Alusi (Spirit Force Figure)

By: Adenike Cosgrove Tagged:
Description

Igbo tutelary deities, known as alusi, are spirits that serve as guardians, patrons, or protectors of a particular person, place, lineage, or occupation. These minor deities are often associated with natural elements such as earth, rivers, forests or with days of the week during which markets are held. Igbo people understand alusi to be the children or deputies of the high god Chuku. They are sometimes realised as full-size wooden figures and act as forces that bless or destroy depending on the circumstance.

Deities like to be remembered, thanked, and honoured. Thus, alusi are housed in shrines or elaborate compounds where they are the subjects of weekly and annual rituals. Hierarchically ranked male and female deities, which are considered a married couple, are the largest figures in the shrine with smaller, lesser images representing their children. Most shrines exhibit a family model however, some include slaves, ikenga, and animals in a deity's entourage. Alusi’s placement in these devotive locations is a testament to the attention lavished on them. If treated well by their people, alusi bring peace, prosperity, health, abundant crops, and other blessings. When they are offended, though, alusi bring disease and misfortune. Diviners and priests help interpret the wishes of the alusi and perform ritual sacrifices for them.
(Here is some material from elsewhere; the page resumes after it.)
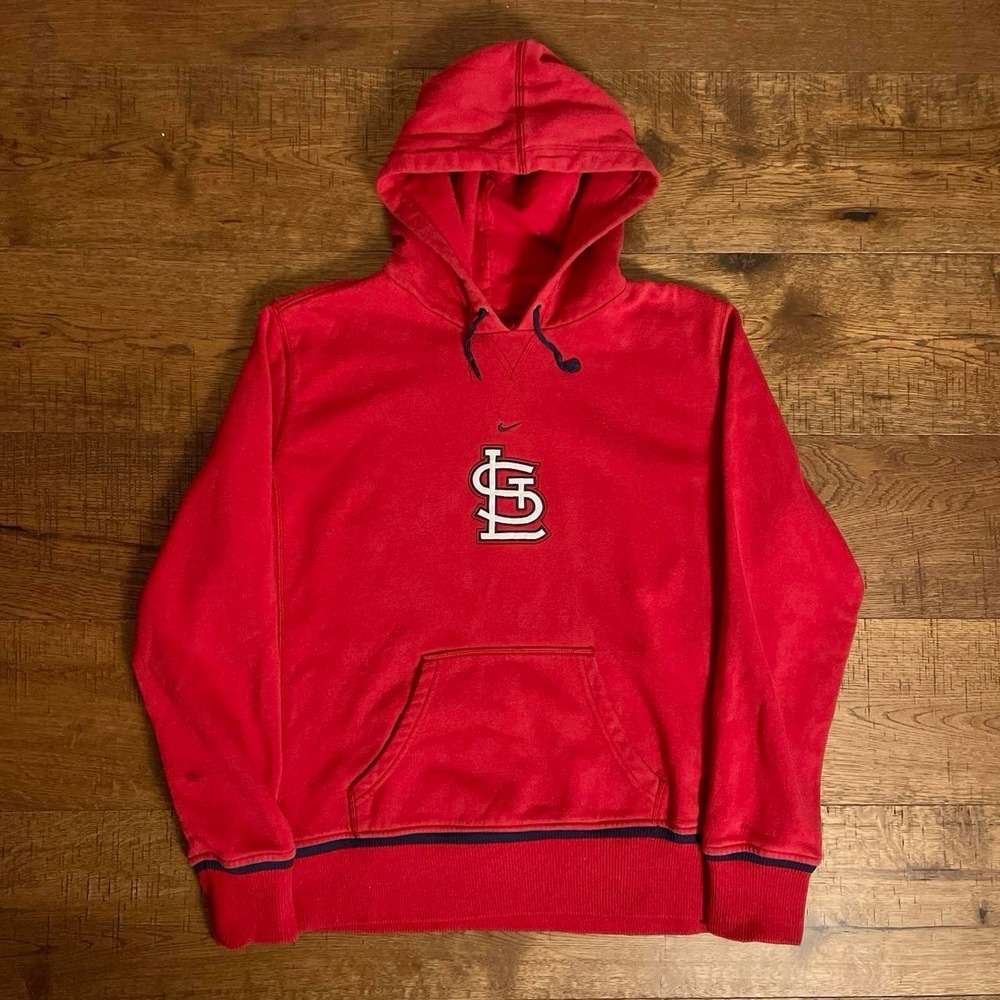 Nike Hoodie Women XL Red Gorpcore St. Louis Cardinals Center Swoosh MLB Baseball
In the past, these deities were worshipped once every four days. The priest would offer sacrificial gifts of food and drink in a ceremony attended by village elders and leaders. Offerings included chalk and kola nut. Sometimes fowl, goats, or sheep were sacrificed. The 'chaff', or the bodies of sacrificial animals, served as the feast for these deities as it was said that the blood is the food preferred by the deities themselves. During the annual 'festival of images', women repaint and redress the figures.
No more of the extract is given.